One look at that arrogant little smirk and all her effort to stay calm flies out the proverbial window.
Fuck it. I'm going to find out exactly what went down, and then this kid is getting a piece of my mind.
She doesn't waste time pausing at the benches to put her skates on. She marches confidently across the slick surface of the ice until she's face-to-face with her teenage student. Skipping over the usual greetings and pleasantries, she goes straight to, "Tell me what just happened. The truth, Brett. I don't want any of your usual bullshit, got it?"

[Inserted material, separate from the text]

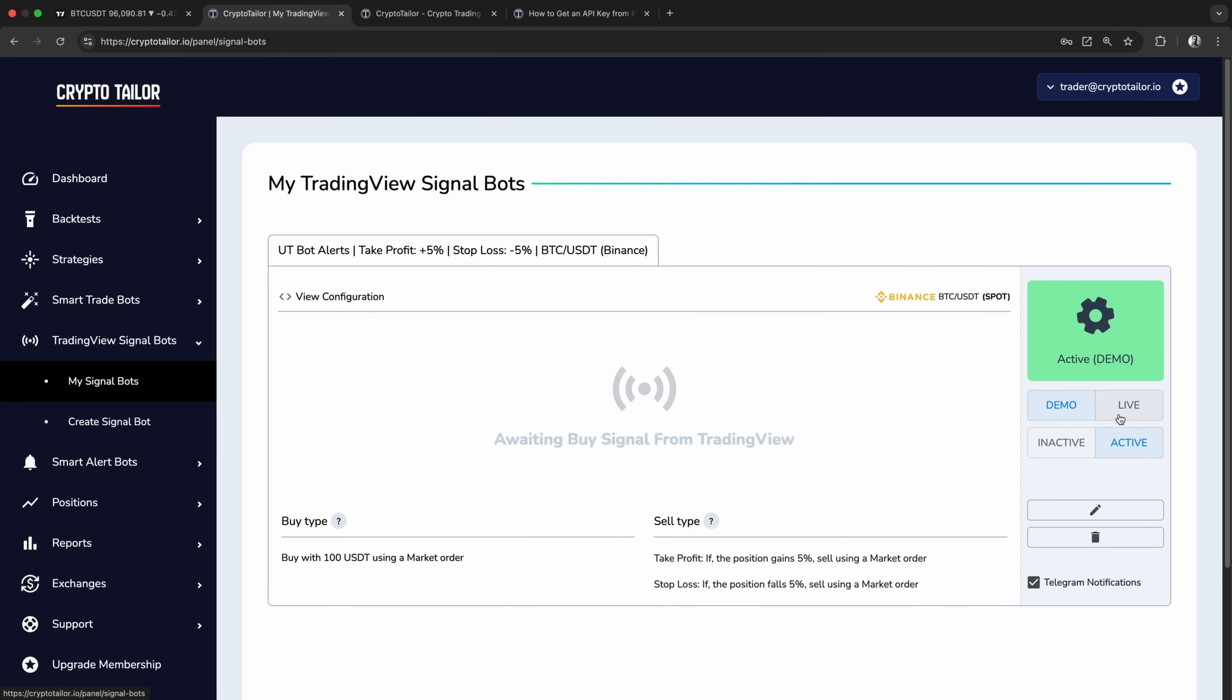And that's it! Now you know how to automate trades using any TradingView indicator or strategy, test them in demo mode, and switch to live trading when you're ready.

The corner of his mouth twists like he's trying not to laugh at some joke only he knows. "What do you think happened?"
"I'm not in the guessing business," she says.
"It was nothing," says Brett. "All I did was tell the truth. I guess some people are too sensitive to handle that."
She doesn't miss the emphasis he puts on 'sensitive'. He says it like it's bad. She bites back the urge to tell him he could do with a little sensitivity. He could learn a thing or two from someone like Nikolai.
Brett's condescending attitude infuriates her, and she wonders if he's aware of what he's provoking. Anger is her demon, and she has to fight like hell to keep it in check. It terrifies her, but at the same time a small part of her relishes how powerful it makes her feel. She is in charge of this situation, not him. There's a hierarchy here, and she's the person at the top of it.
She takes another stride forward until she's close enough for the toe of her right boot to touch the toe pick of Brett's left skate. He's a handful of centimetres taller than her and she has to tilt her chin a little to meet his eyes, but that doesn't deter her.
She stares into his face, and in a voice that sounds way more quiet and calm than she feels, she says, "What happened? Tell me. Now."
Brett stares back at her. She can feel her pulse in her throat.
Four or five more heartbeats tick by, and then Brett lowers his gaze. He stammers, "Can you... can you, uh... take a step back? Please?"
She complies with the request, but she doesn't take her eyes off him. "Tell me what happened."
It's evident to her that he doesn't want to confess his role, but he probably feels like he hasn't got a choice at this point. He opens his mouth to speak, and his voice cracks on the first syllable. That's as far as he gets. His eyes go wide, and he swallows so hard that she's able to see a slight ripple of the skin at his throat.
He's scared, she realizes.
Her first reaction is, Good. He should be scared.
As soon as the thought forms, she immediately regrets it. Her goal hadn't been to frighten him, only to find out what had caused Nikolai to flee from the place in such a state of distress. It'd bothered her way more than she's willing to admit, seeing Nikolai crying like that, and a genius intellect wasn't required to figure out that Brett was at least partially responsible for it, but scaring the teenager wouldn't fix it. The only thing she's accomplished is to stick herself with the problem of two upset skaters instead of one.
Well done, Beth-Anne. Way to fuck shit up more than it already was.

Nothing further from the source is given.